Here's a much better way for defining your ideal customer profile

If you were a marketer at a mattress company, when is the best time to run an infomercial?

How about at 2am in the morning when people can’t sleep!

You don’t need a persona with dozens of attributes, just a single (causal) attribute that raises the odds of someone buying.

Personas or avatars make sense when you have a growing business with many different types of customer segments.

But personas are overkill at the early stages (before Problem/Solution Fit) of a product and can be outright harmful.

Here’s why:

  • Until product/market fit, you don’t need multiple customer segments but a single early adopter or beachhead customer segment.
  • Most personas tend to be heavier on demographics, but psychographics (customer behavior) matter more (causal).
  • Most personas have too many attributes, making targeting more expensive and shrinking your addressable market size.

The real danger with personas for an early-stage product is going too narrow, actually finding customers, and ending up on a small hill — a local maxima trap.

For example, let’s assume I define a startup founder using the “two guys in a garage in Silicon Valley” stereotype. If I go looking, I’ll find entrepreneurs that meet these criteria, and if I don’t bother looking any further, I’ll miss the much larger global market (mountain) of entrepreneurs!

The art of customer segmentation isn’t chasing after the most distinguishing traits but the smallest number of characteristics that cause people to buy or act.

How do you do this? Instead of guessing at a bunch of attributes, start with the one distinguishing trait that all early adopters have.

Can you guess what that is?

Answer: A switching trigger.

All early adopters should have taken action toward solving a problem or getting a job done. That's their tell.

A switching trigger (or inciting action) changes something in their world (causing an old way to break) and prompts them to look for a new way.

This can be caused by

  • a bad experience with an existing alternative,
  • a change in circumstance,
  • an awareness event.

In the mattress example above, “2 am when people can’t sleep” is a bad experience switching trigger.

Can you think of other switching triggers that could cause someone to consider buying a new mattress?

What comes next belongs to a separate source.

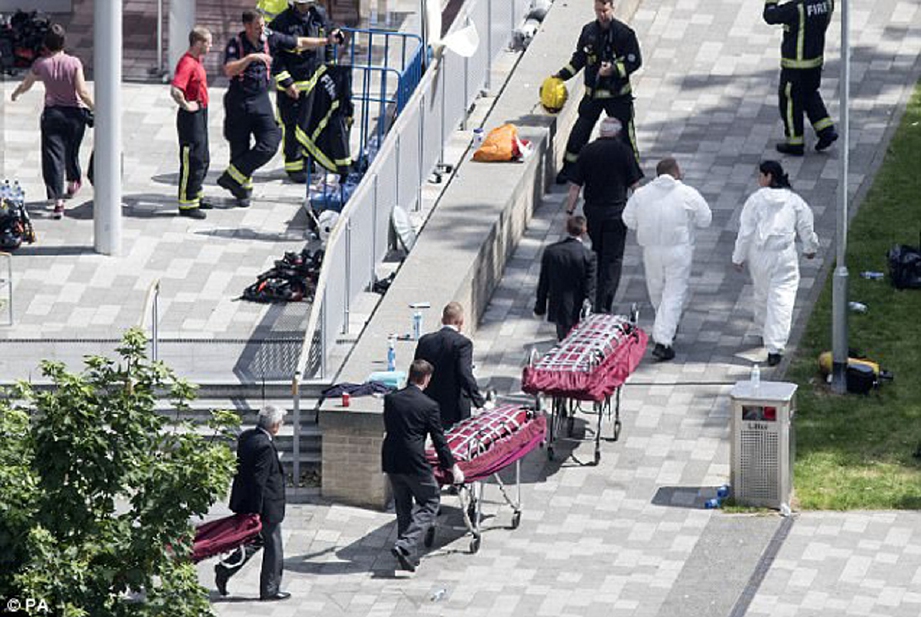 Pasukan paramedik membawa mayat mangsa ke hospital. - Foto Daily Mail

  • When someone goes from being single to in a relationship (change in circumstance)
  • When someone buys their first house (change in circumstance)
  • When someone visits a sleep center (awareness event)

Notice that none of these have demographical attributes, yet they are pretty actionable.

Demographics can be important but hopefully, you’re convinced by now that going overboard on demographics without evidence can be quite costly.

Rather than simply layering on attributes, here’s a more foolproof way of identifying your ideal customer profile

  1. Identify a handful of switching triggers,
  2. Interview anyone who has experienced these triggers and taken action,
  3. Patterns emerge quickly. Use that to build your ideal customer profile.